SUPPLIED MATERIAL:
>>>>
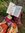 The Book Hippie | 7 comments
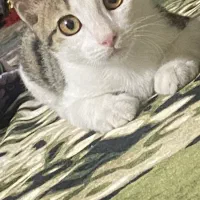 DSH.رایگـان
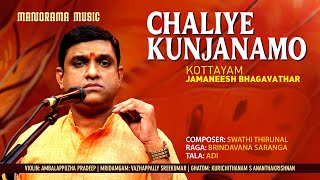 Chaliye Kunjanamo Brindavana Saranga Kottayam Jamaneesh Bhagavathar Navarathri Festival 2021 Live [upl. by Ymrej]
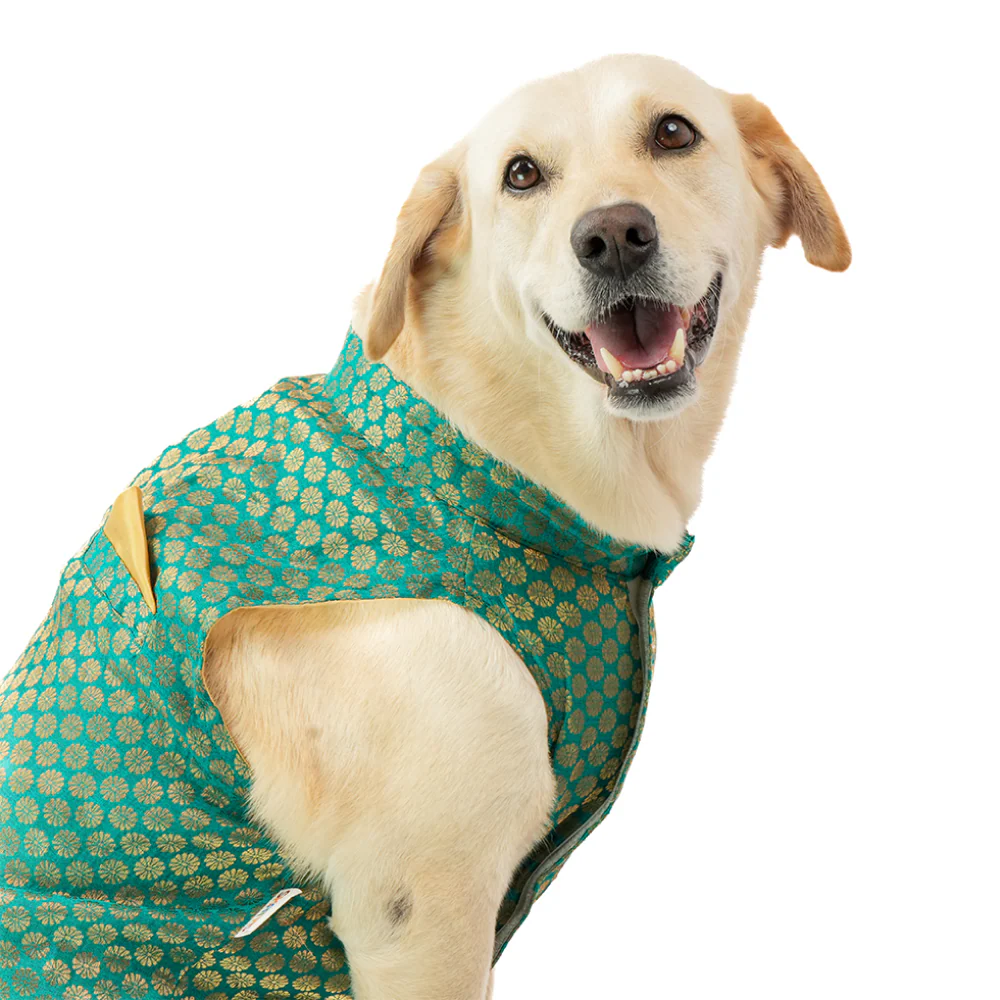 Skatrs Brocade Gold Printed Sherwani for Dogs and Cats (Teal) - Image 3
<<<<
WHAT TO WORK ON: When you copy the data, keep every line exact and drop the pictures.

OUTPUT FOR THIS TASK:
 The Book Hippie | 7 comments
 DSH.رایگـان
 Chaliye Kunjanamo Brindavana Saranga Kottayam Jamaneesh Bhagavathar Navarathri Festival 2021 Live [upl. by Ymrej]
 Skatrs Brocade Gold Printed Sherwani for Dogs and Cats (Teal) - Image 3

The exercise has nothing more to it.